Using technology to ensure profitable cross-selling

Order Management

Cross-selling is tremendously popular with bigger retailers across every industry. A long-held truth in any customer-facing company is that it's easier to keep an existing customer than to bring a new one on board. So in that regard, rather than trying to reach new prospects, retailers view cross-selling and upselling existing ones to be a more profitable venture. These people already trust the retail brand in question, so why wouldn't they buy more from their favorite merchants?

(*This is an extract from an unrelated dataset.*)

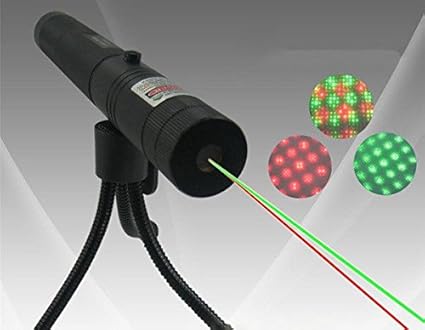 Jakha Plastic High Powered Military Burning Laser Pointer Disco Light 650nm Sd 1000mw 308 Focus Flashlight Lazer Pen, Medium(Green Red and Black)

The cross-selling strategy is most readily practiced by larger merchants that sell a variety of products and even have different brands. For instance, if one of a merchant's online stores sold bathroom supplies and amenities and another sold kitchen tools and accessories, it only makes sense to cross-sell. Someone with a bathroom likely has a kitchen as well, and by casting a broader net, merchants may be able to increase sales for both divisions. As every retailer knows, more sales frequently translates into more profit. 

Is there a time not to cross-sell?

However, cross-selling to everyone indiscriminately isn't always the best course of action. Denish Shah, an assistant professor of marketing, and V.Kumar, a marketing professor at Georgia State University, noted the drawbacks of such a strategy. In an analysis conducted by the two, they found that cross-selling can post amazing results, with one retailer successfully cross-selling a customer and generating an additional $297 from the individual over the next few years.

On the flipside, another individual targeted for cross-selling didn't take the bait. The company ended up spending $315 trying to convert this individual by sending them various catalogs and incentives over the same time period.

That isn't to say that cross-selling isn't a worthwhile strategy – quite the opposite. When Kumar and Shah analyzed a number of Fortune 1000 companies, they confirmed the average profit from customers who are cross-sold to is higher than those who aren't. However, those who aren't successfully sold (one in five customers) can account for 70 percent of a merchant's "customer loss," which the Harvard Business Review defines as "the shortfall when the cost of goods and marketing to a given customer exceeds the revenue realized."

Using data to cull good targets from bad ones

The fact that cross-selling can actually be tremendously unprofitable if not executed properly highlights the importance of retailers knowing their customers before they try to cross-sell them. Knowledge is everything, and data can help merchants make better cross-selling decisions. Analytics should be a cornerstone of all eCommerce operations. Merchants can collect data on almost anything nowadays – detailed product reports, customer trends and data, price fluctuations, etc. All of these metrics need to be considered when merchants decide to cross-sell products and item bundles.

Merchants should never just rely on their gut to decide which products to cross-sell and who to target. However, that's still a very common approach for retailers. In fact, Kumar and Shah found that 90 percent of the companies they surveyed ran cross-selling campaigns that helped improve average profit per customer. However, when asked why they cross-sold goods, they said they did it only because it had worked in the past.

Data can highlight various trends that merchants can then use to cross-sell customers. For example, they could look at people who are already buying kitchen and bathroom products and then cross-sell those specific items to prospective targets. The key is using eCommerce software to help collect that data and execute cross-sell campaigns.